Author: Linley Gwennap

After a big revision in Cortex-A76, Arm’s newest high-end CPU takes a more incremental approach but still delivers a sizable performance gain. The new Cortex-A77 borrows the pipeline and basic microarchitecture from its predecessor while adding a few features. Using the new level-zero (L0) cache, the A77 can issue six instructions per cycle, although it’s limited to four decoders. To support the faster front end, it adds a second branch unit and a fourth integer ALU. The architects also expanded the reordering capacity, improved the branch prediction, and added other enhancements based on their experience with the A76 design.

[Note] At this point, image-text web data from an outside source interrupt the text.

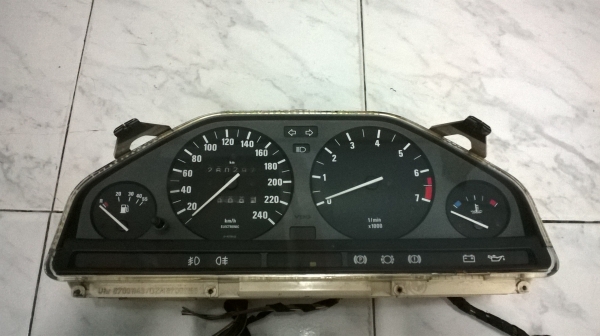 ขายไมล์ e30 VDO in germany 4สูบ แท้ติดรถ สภาพok ราคา2000 โทร0924462525โส กทม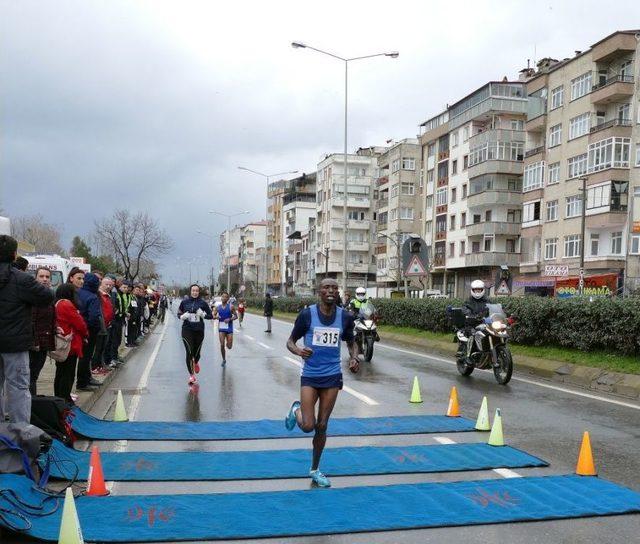 Trabzon’daki Yarı Maraton, 10 Km Koşusu Ve Halk Koşusu Sonuçlandı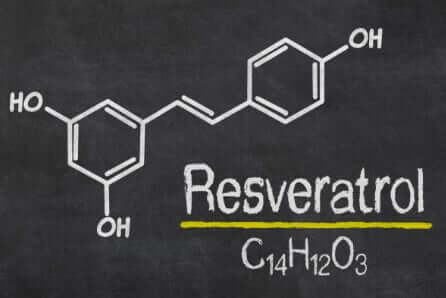 Cancer treatment harmful side effects, reduced by Resveratrol?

As a result, Arm expects Cortex-A77 to deliver about 20% better integer performance than Cortex-A76 at the same clock speed. Since the pipeline is the same, the clock speed should remain constant in the same IC process. This gain comes atop a 35% per-clock improvement for the A76. Initial customers received production RTL for the new core, code-named Deimos, in 4Q18; the first phones using A77-based processors are due early next year. Arm withheld licensee names, but we expect Huawei, which was first to market with the A76 in its Kirin 980 smartphone processor, to be the lead A77 customer. Qualcomm is likely to deploy a modified A77 core in its next-generation Snapdragon 865.

The performance boost brings Cortex-A77 closer to custom Arm-compatible CPUs from Samsung and Apple in single-core performance, but we still expect those companies to maintain a lead, particularly once they debut their own next-generation designs. Arm continues to balance performance against power and die area, but it’s shifting more weight to performance. The company must also balance the needs of its smartphone customers against those of its server customers; we expect its next-generation Neoverse CPU, called Zeus, is based on the Deimos design.